Google: We Prioritize the End User Over the Advertiser, Unless We’re the Advertiser
“People wouldn’t like [ads on the homepage]. We prioritize the end user over the advertiser.”
How’s this for product placement? Google is promoting its new Nexus One “superphone” from the front pages of two of its most highly trafficked properties: Google.com and YouTube.
Surf over to the former and you’ll find a short plug for the Nexus One right beneath the query field on the company’s otherwise spartan search page. Point your browser at the latter and you’ll find a tile pitching an entire YouTube channel dedicated to the device, complete with demos and, of course, a direct link to the Google-hosted Web store through which it can be purchased (see below; click on image to enlarge).

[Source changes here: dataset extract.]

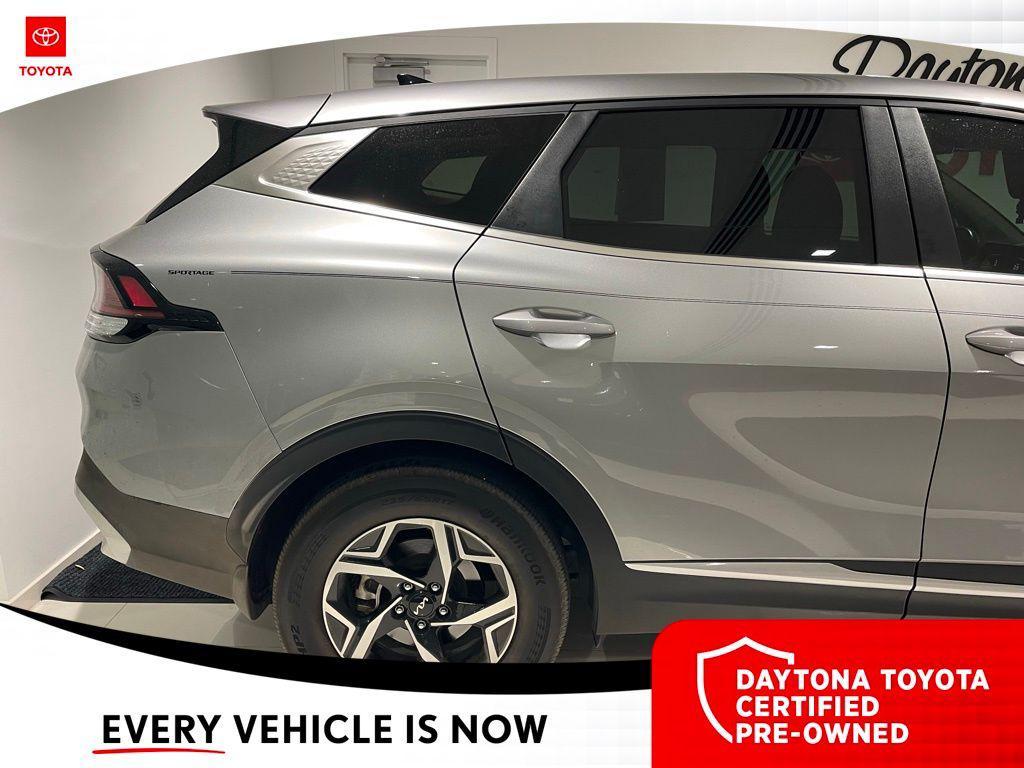 used 2025 Kia Sportage car, priced at $23,599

Together, these sites reach hundreds of millions of visitors a month, so this is not an insubstantial promotion, and it’s sure to generate a fair bit of buzz for the Nexus One, which won’t be sold in stores.
This isn’t the first time Google (GOOG) has promoted a consumer electronics device from its homepage–the search giant featured Droid there last November and T-Mobile’s G1 in October 2008.
As I have noted here before, it’s interesting to see Google leveraging search–a product in which it enjoys a de facto monopoly–to promote a second product that isn’t yet dominant (Android).